Greenpeace has launched a legal challenge against the UK Government on the Jackdaw field off Aberdeen – one day after Shell (LON: SHEL) took an investment decision on the project.
The government is facing action after it approved the new North Sea gas field, which Greenpeace claims it did without checking the climate damage of burning the gas extracted.
However, a UK Government spokesperson said the project was approved by the North Sea Transition Authority (NSTA) “on the basis of Offshore Petroleum Regulator for Environment and Decommissioning (OPRED) considering the environmental statement of the project and concluding that it will not have a significant effect on the environment.”
Greenpeace is seeking a judicial review of the decision made by the Department for Business, Energy and Industrial Strategy (BEIS) and the NSTA on environmental grounds.
In its court papers, the NGO is also proposing to put the court case on hold until the Supreme Court decides whether to hear an appeal over its case against the Ithaca-BP Vorlich field, which Greenpeace lost last year.
London-listed Shell, which gave Jackdaw an investment green light last night, said it is aware of Greenpeace’s legal challenge.
A spokesperson said: “As per the regulatory approvals given and final investment decision taken, we are progressing the project which has the potential to produce more than 6% of UK gas production at a time when UK energy security is critically required.”

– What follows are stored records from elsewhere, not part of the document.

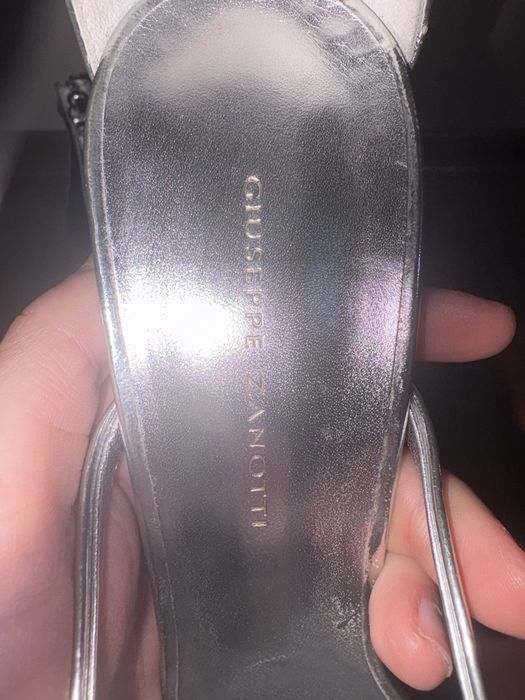 Tocuri Giuseppe Zanotti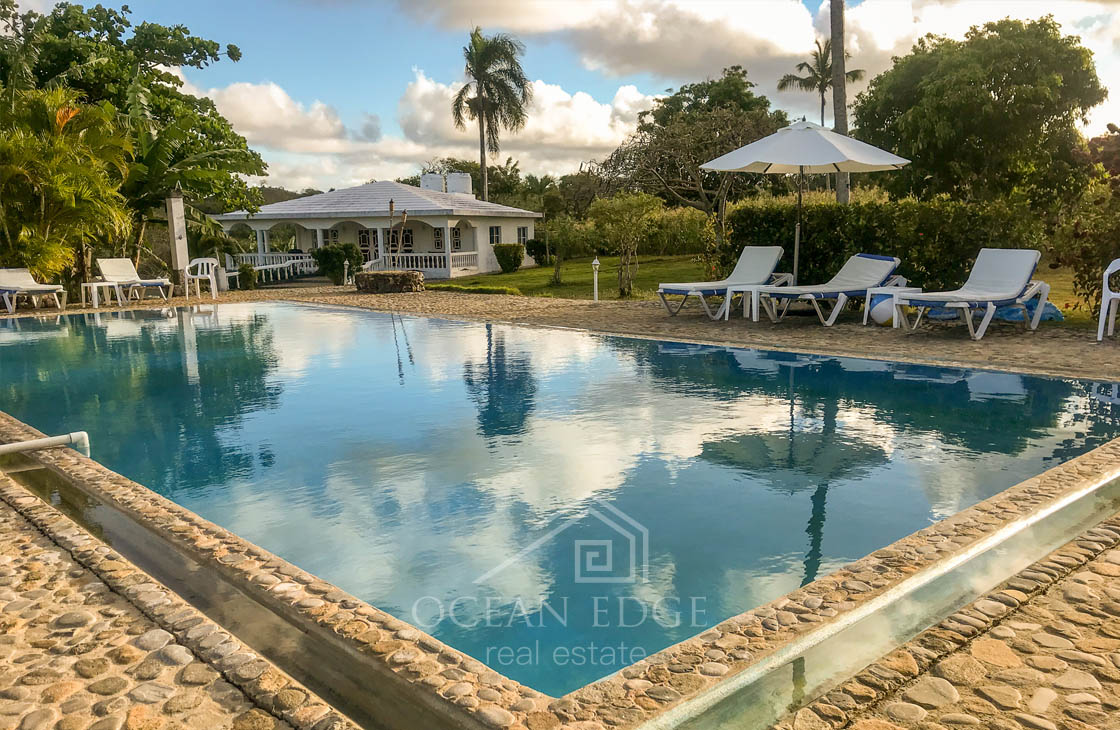 La Casa Blanca – Luxury Beachfront Villa in Las Galeras-ocean-edge-real-estate-2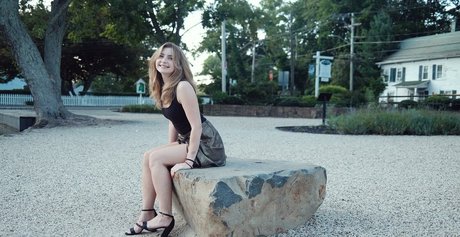 Vkunia model naked photos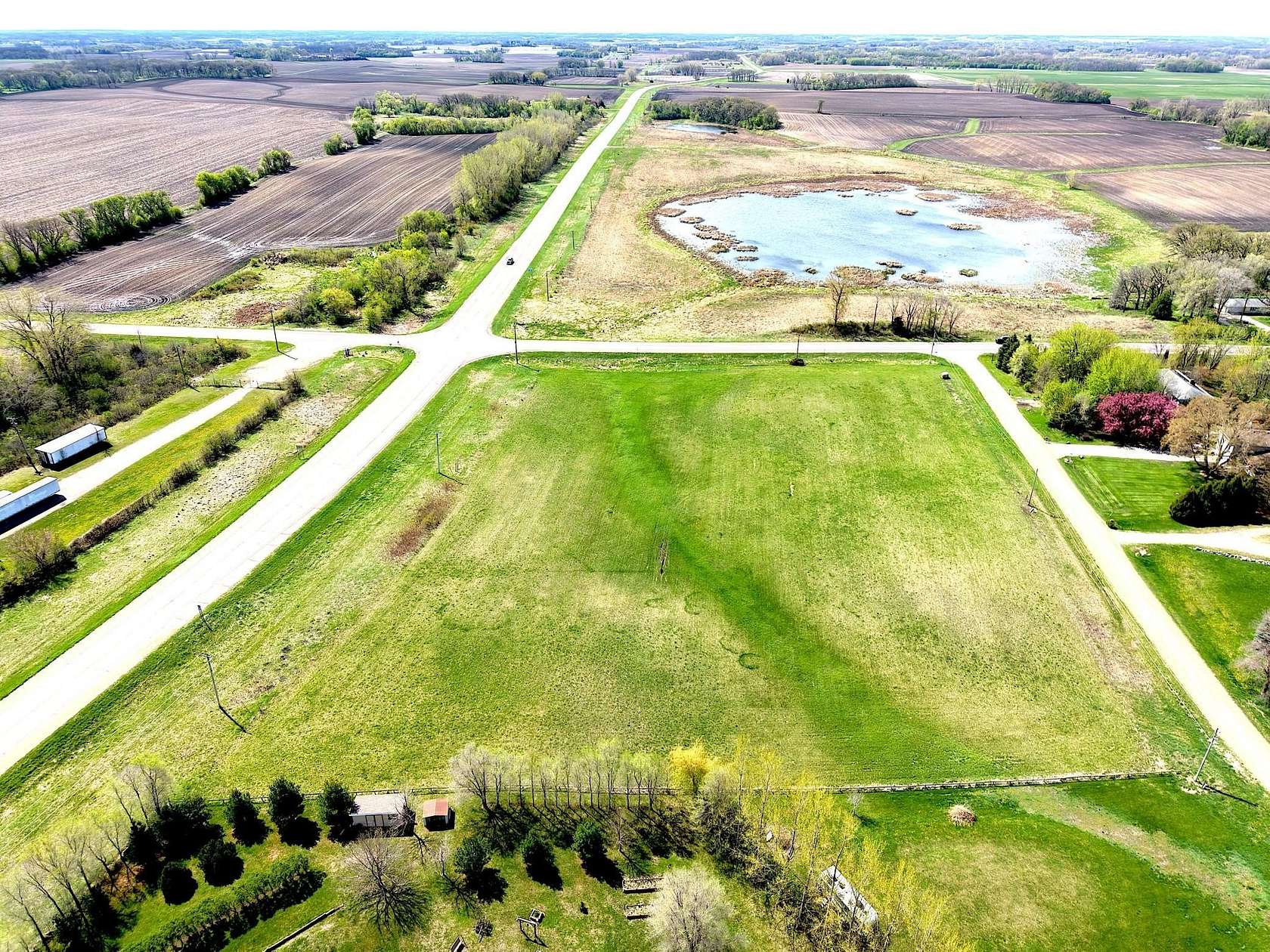 2.57 Acres of Residential Land for Sale in Albert Lea, Minnesota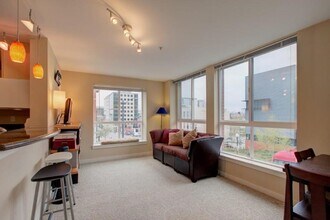108 5th Ave S in Seattle, WA - Foto de edificio - Building Photo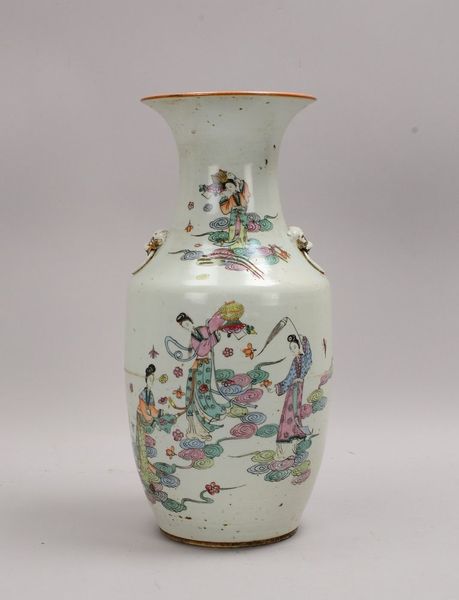 Balustervase (China), 'Famille Verte', mit Bemalung ('Tänzerinnen') und chines. Kalligrafie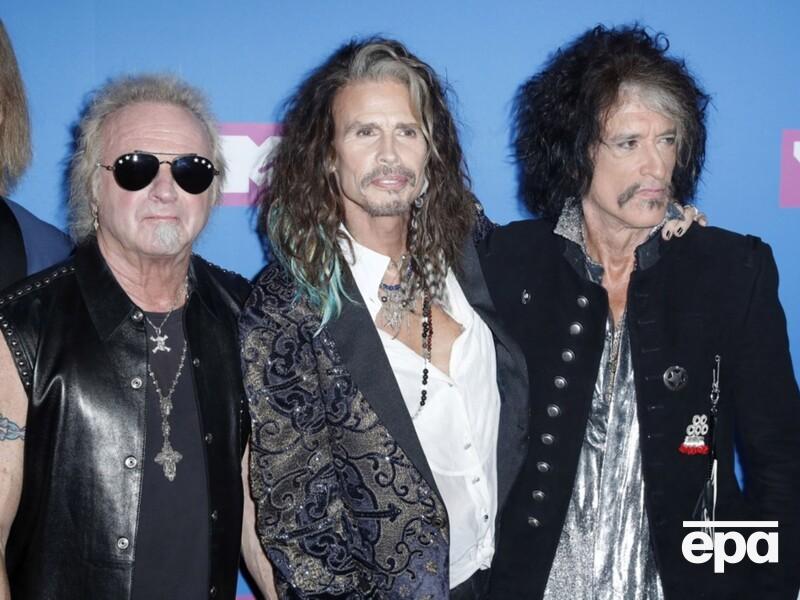 Гурт Aerosmith ухвалив "відчайдушне" рішення достроково завершити прощальний гастрольний тур і озвучив причину цього рішення
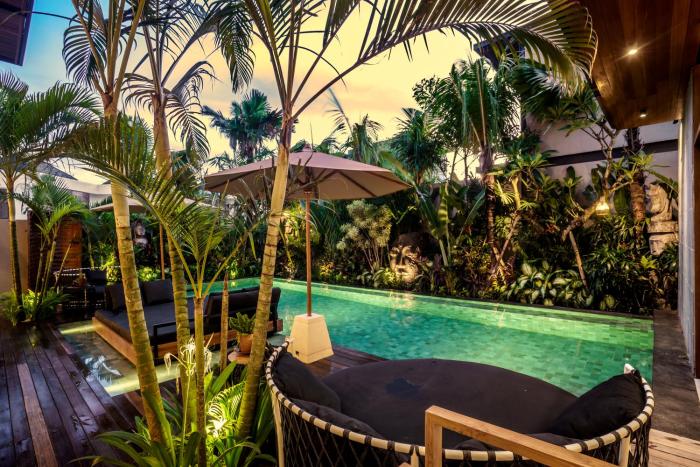 Elegant 6BR Villa, Canggu, 400m to Finns Beach
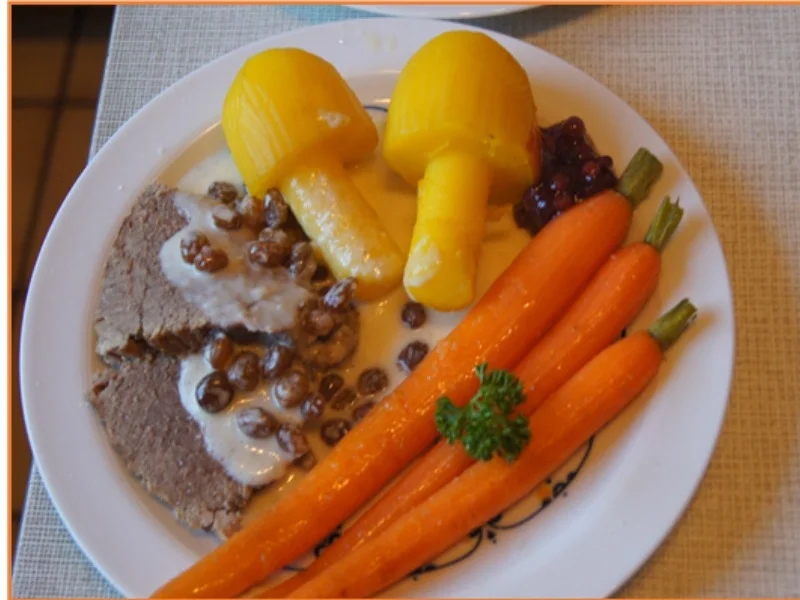 Tafelspitz mit Meerrettichsauce, Honigkarotten und Kartoffelpilzen - Rezept - Bild Nr. 6915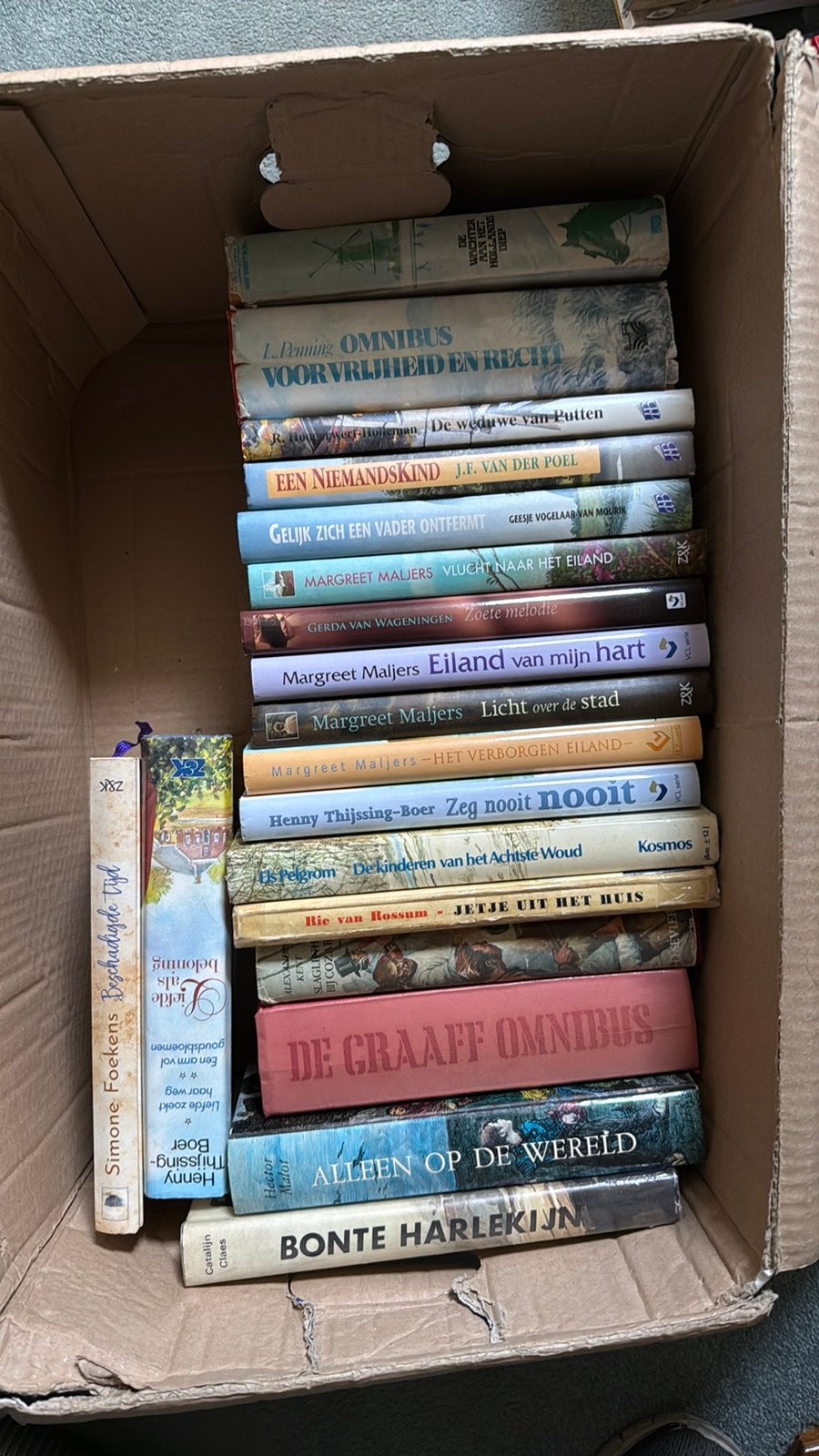 Partij boeken romans, Ophalen of Verzenden, Gelezen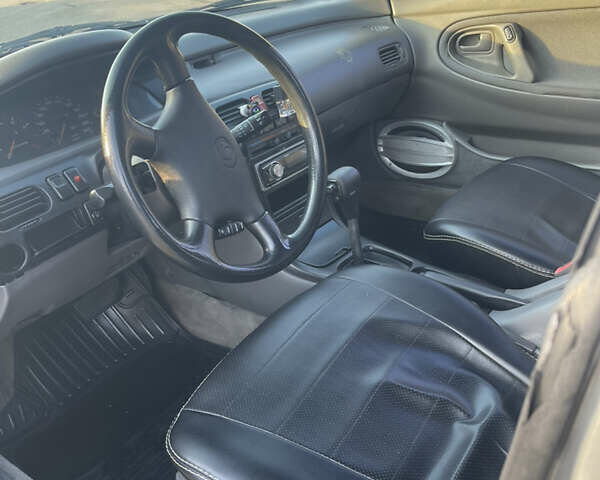 Сірий Мазда 626, об'ємом двигуна 2 л та пробігом 300 тис. км за 2350 $, фото 3 на Automoto.ua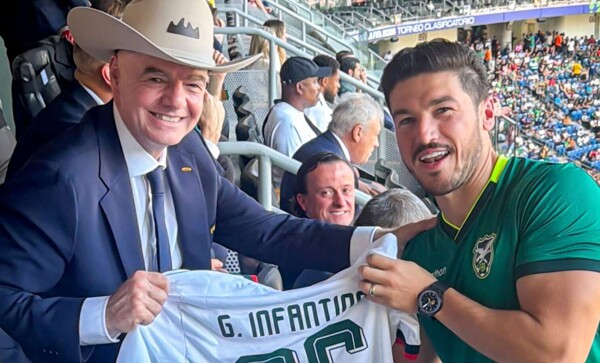 Nuevo León Governor Gives 'Made in Nuevo León' Hat to FIFA President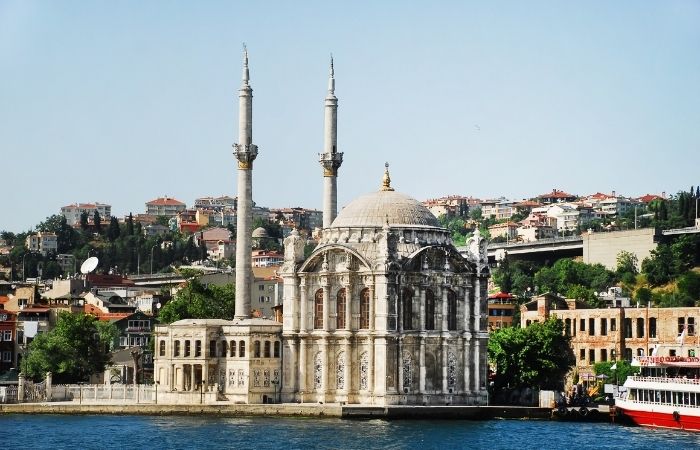 Curiosidades de Turquía: mezquita de Ortakoy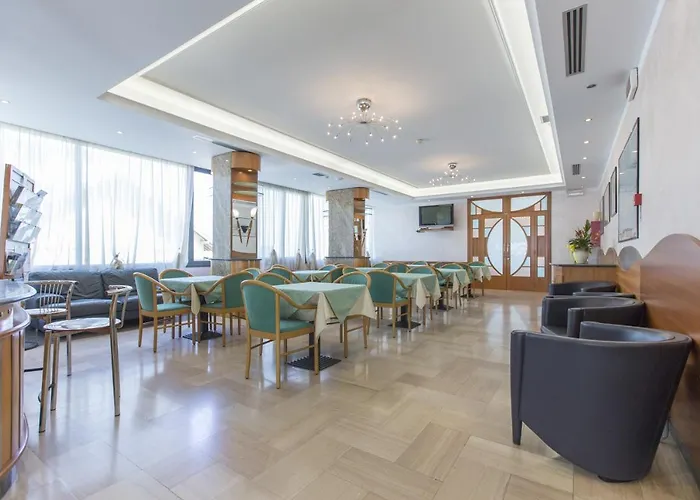 Metropole Hotel 3*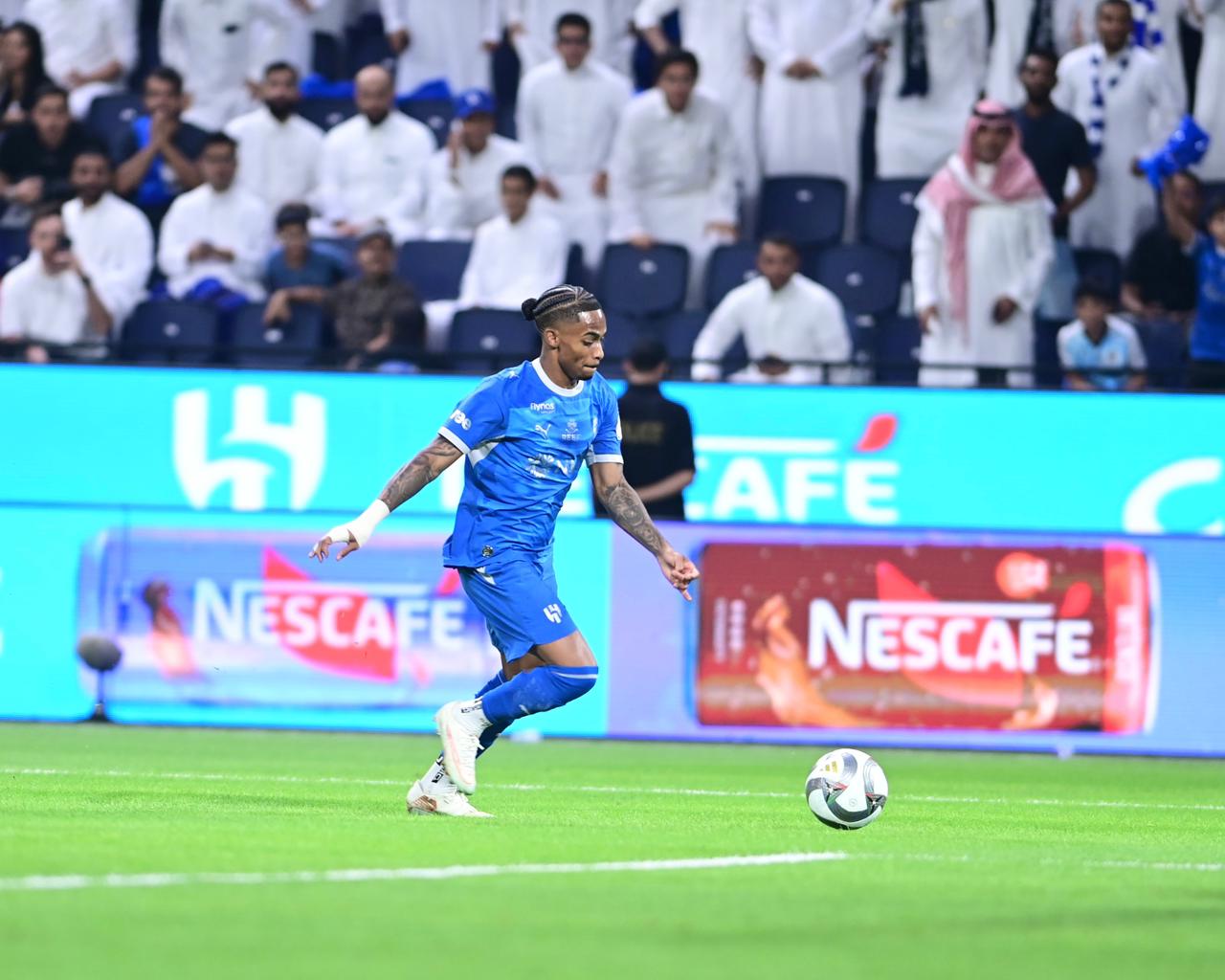 الهلال يضرب الأهلي بثلاثية..صور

According to Greenpeace, the government failed in its legal duty to check the environmental impacts of Shell’s Jackdaw project by refusing to consider the damage caused by burning the gas extracted.
This Jackdaw approval is a scandal
The activist group argues that the gas from this project will do nothing to help the current energy crisis or lower energy bills “because it belongs to Shell, and will be sold on international markets to the highest bidder”.
The oil and gas industry has pointed to the need for domestic supply to provide energy security, and for helping manage a gradual skills transition into renewable energy.
Greenpeace’s legal challenge follows several others NGO cases against the North Sea industry in recent months.
The NGO is pursuing legal action against BP in relation to its permit to extract oil from the Vorlich field. After losing an initial bid, it is hoping to secure a Supreme Court appeal.
Elsewhere the Paid to Pollute group lost a case against the regulator (formerly the OGA, now called the NSTA) over its backing for the industry.
Oil and gas transition campaigner for Greenpeace UK Philip Evans said: “This Jackdaw approval is a scandal. The government knows that burning fossil fuels drives the climate crisis, yet they’re approving a new gas field in June, without proper climate checks, and declaring a national emergency over heatwaves in July.
“Meanwhile household bills are soaring, and the government is ignoring common sense solutions – like home insulation, heat pumps and cheap renewable power.
“We believe this is an astonishing dereliction of the government’s legal duty, and we won’t let it stand.
“So we’re taking legal action to stop Jackdaw, and whenever we see the government acting unlawfully to greenlight new fossil fuels we stand ready to fight in the courts.”